** Opening Data section block **

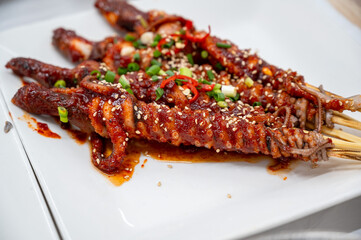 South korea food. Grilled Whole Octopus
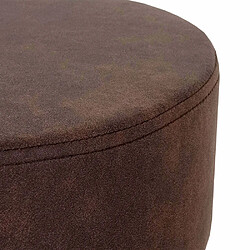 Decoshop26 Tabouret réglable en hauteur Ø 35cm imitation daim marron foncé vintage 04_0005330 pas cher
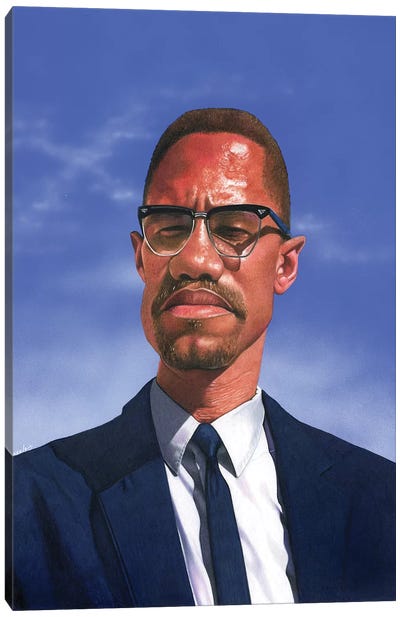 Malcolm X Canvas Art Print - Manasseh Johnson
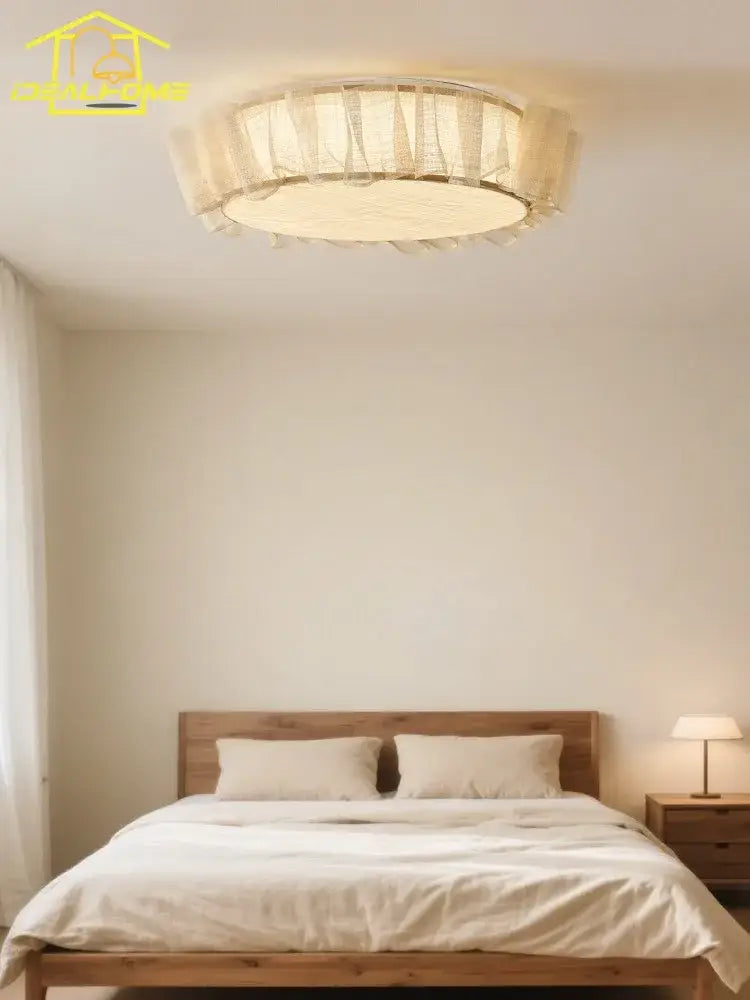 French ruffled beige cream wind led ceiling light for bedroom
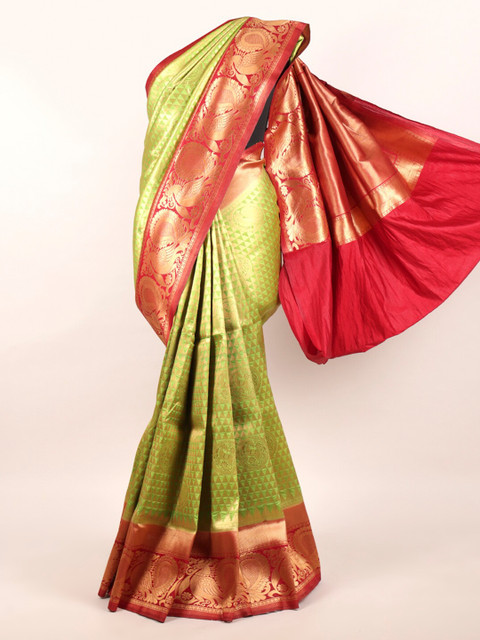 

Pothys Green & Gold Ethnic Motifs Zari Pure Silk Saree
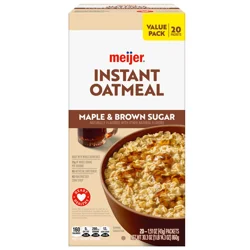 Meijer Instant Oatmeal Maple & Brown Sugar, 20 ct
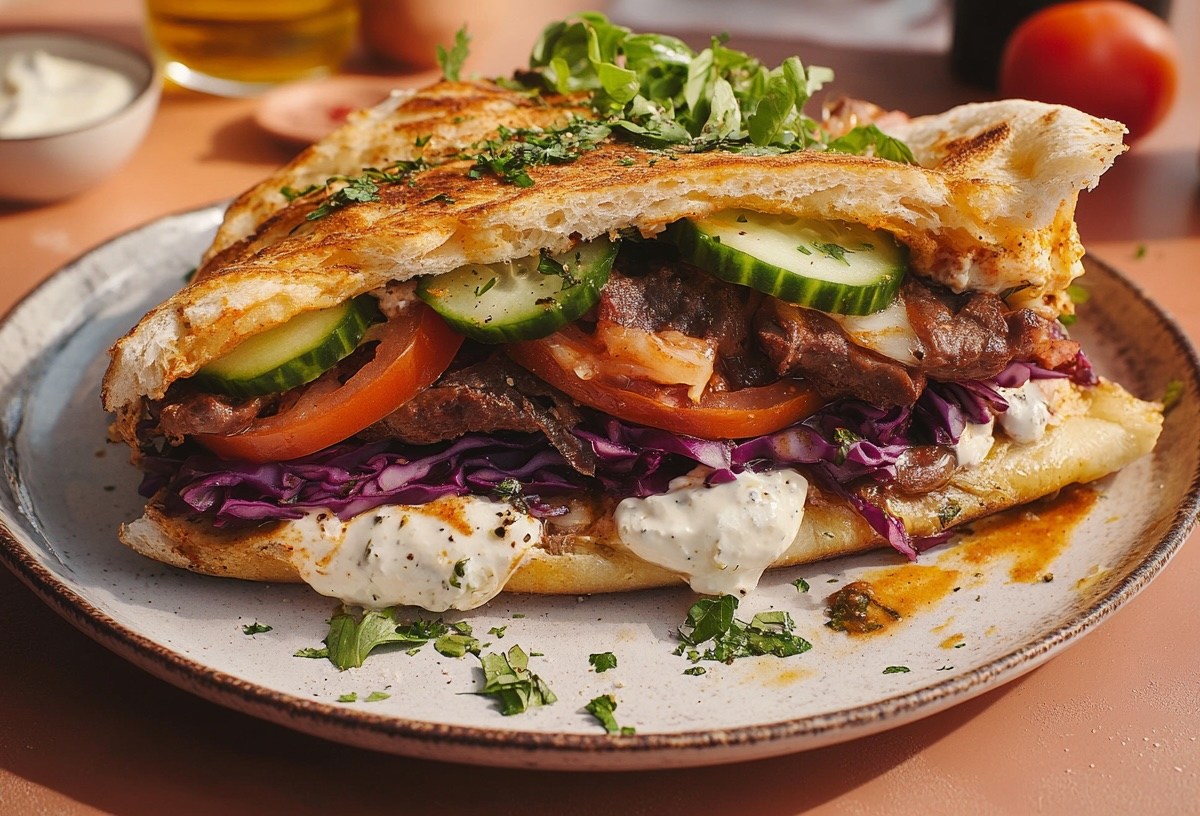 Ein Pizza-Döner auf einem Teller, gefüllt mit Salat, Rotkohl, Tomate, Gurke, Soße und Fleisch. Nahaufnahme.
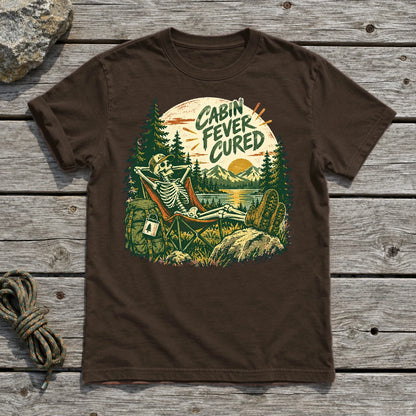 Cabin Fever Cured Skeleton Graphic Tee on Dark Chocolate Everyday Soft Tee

** Closing Data section block **

▶ Problem to solve
Set the pictures aside and retype exactly the lines above from the line with "Decoshop26 Tabouret réglable" to the line with "Pothys Green &", both included, adding no others.

▶ Solution below
 Decoshop26 Tabouret réglable en hauteur Ø 35cm imitation daim marron foncé vintage 04_0005330 pas cher
 Malcolm X Canvas Art Print - Manasseh Johnson
 French ruffled beige cream wind led ceiling light for bedroom

Pothys Green & Gold Ethnic Motifs Zari Pure Silk Saree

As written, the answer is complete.